POSTED RESPONSE TO A COLUMN IN TORONTO'S GLOBE AND MAIL

"Imagine a country invading the hypothetical countries of Greenland and Alaska and then saying they wanted to attack Canada because it has nuclear capability. What would you expect our leadership to do? Obey the aggressors and accept their demands we lay down on our backs?"

Indeed.

And further, Iran is surrounded by nuclear powers.

Where did the notion come from that only certain countries are entitled to nuclear weapons in perpetuity? Countries who are somehow appointed gods on earth?

Why was Israel ever allowed to develop nuclear weapons, breaking every rule in the book? And why is allowed to keep them, always lying and dissembling but always ready to threaten?
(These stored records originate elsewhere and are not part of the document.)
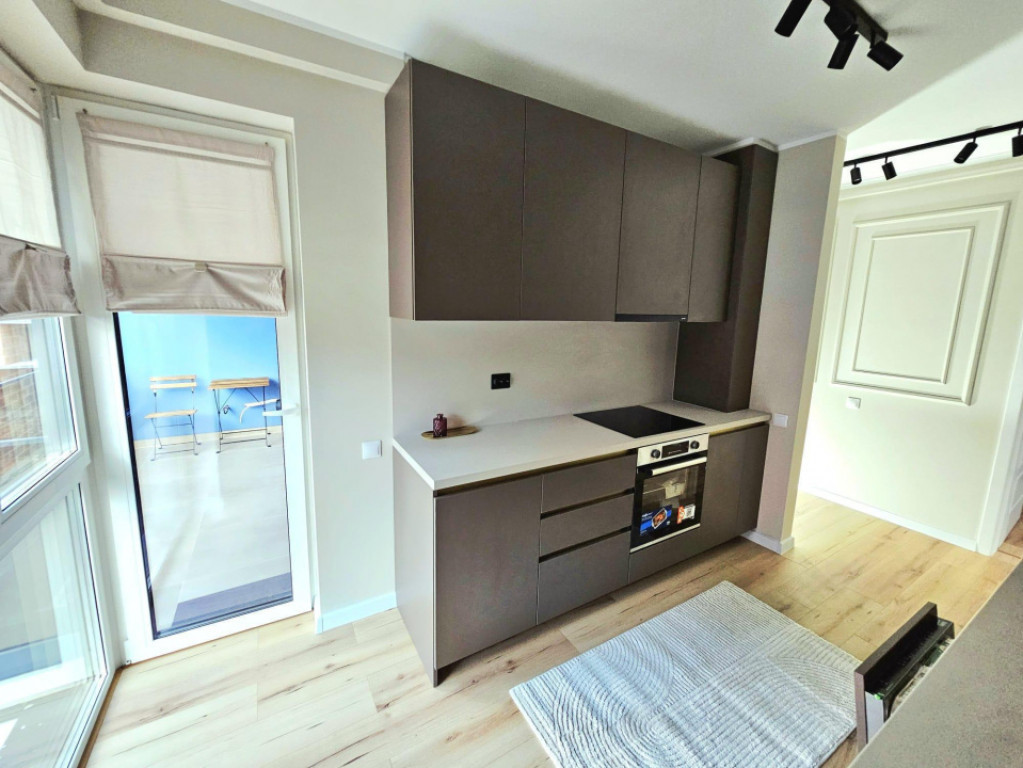 Apartament 3 camere 64 mp + logie 8 mp Floresit zona Tineret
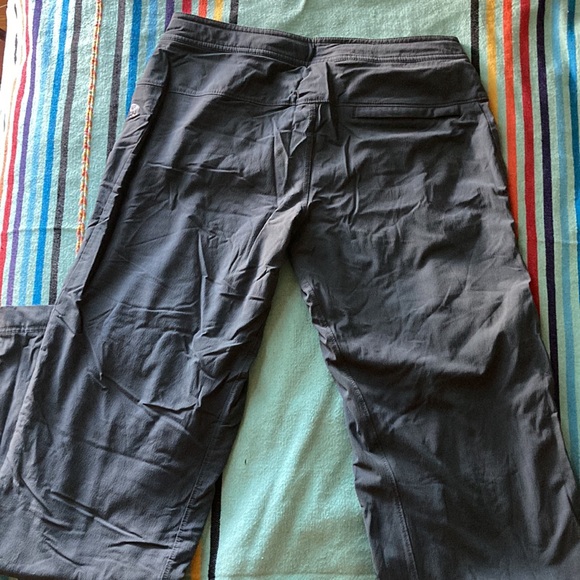 Fleece lined Mountain Hardware pants - Picture 2 of 3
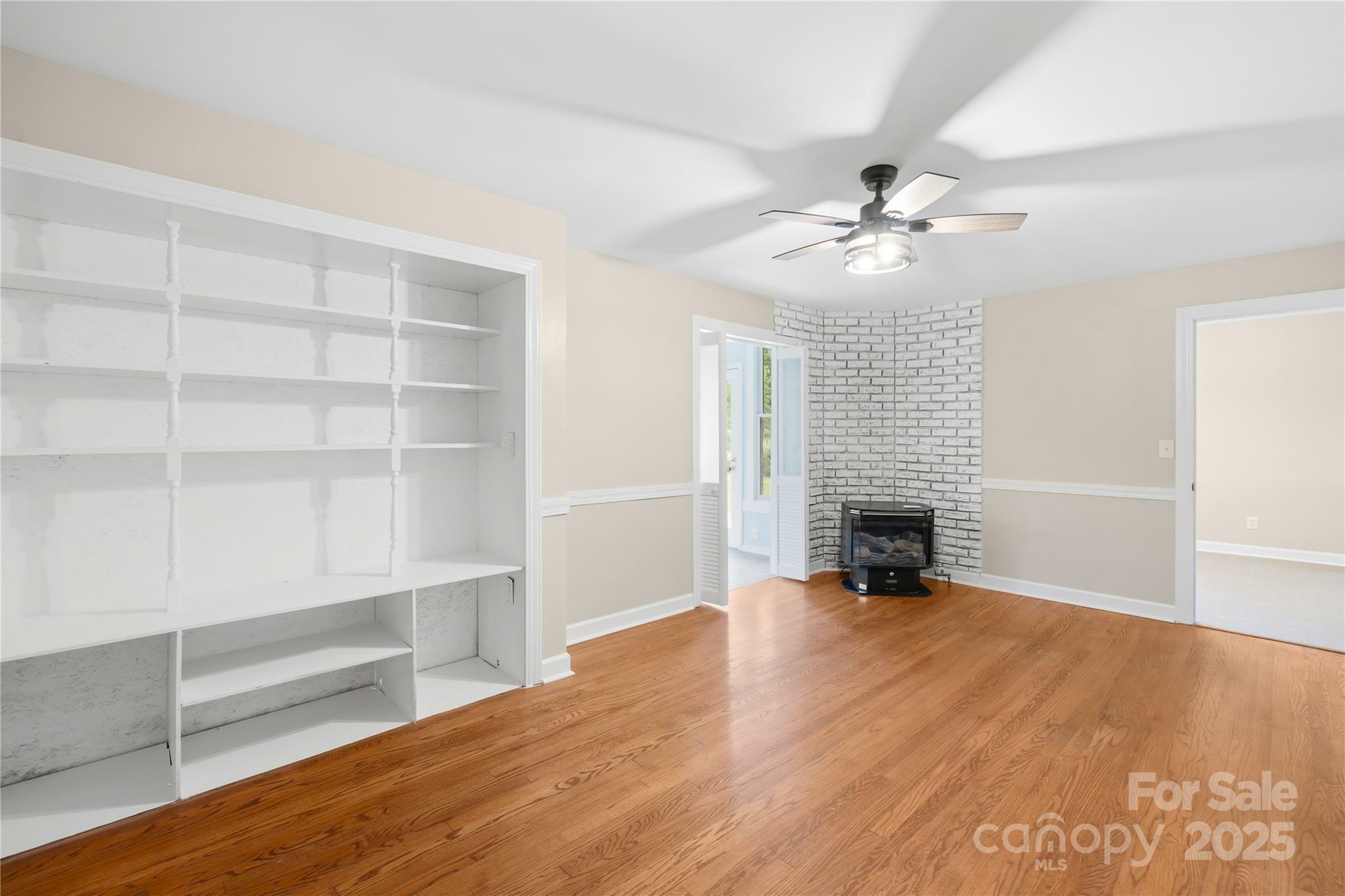 Property Photo: 119 Oak Avenue NC 28152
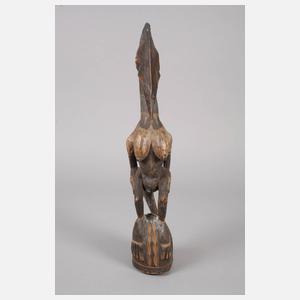 Figürliche Schnitzerei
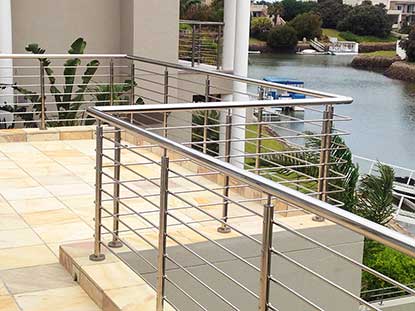 How Tall Should Deck Railing Be？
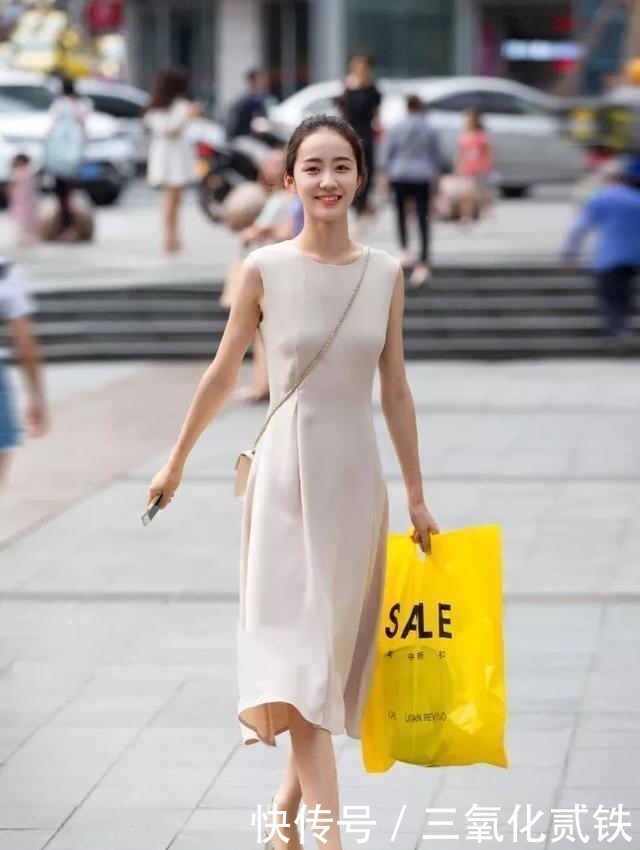  风景|街拍：小姐姐搭配一双气质的尖头高跟鞋，走在路上也是一道美丽的风景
Israel has certainly created enough division and destruction in the world just using its conventional weapons, which, by the way, it has used illegally numberless times, American supplied weapons supposedly being under strict contract for use only in genuine defense?

Israel's record in the matter of nuclear arms is ghastly: it cynically helped apartheid South Africa develop nuclear weapons in exchange for strategic materials, offering the worst example of proliferation in the nuclear age.
I'm sure the various governments of the world all knew about it. Only the people were kept in the dark.

Further, Iran has never started a war in its modern history, unlike Israel who has attacked just about everyone within reach, twice-over, and screams every day about the need to attack Iran.

So far as any thoughtful and informed person can tell, Iran is not developing nuclear weapons, but if indeed it is, so what?

The balance of terror kept the peace in Europe for half a century, and an Iran with such weapons would provide exactly the same needed balance against an aggressive and always-demanding Israel.

Perhaps that is the only route to peace, not Israel's bizarre idea of peace, but genuine peace.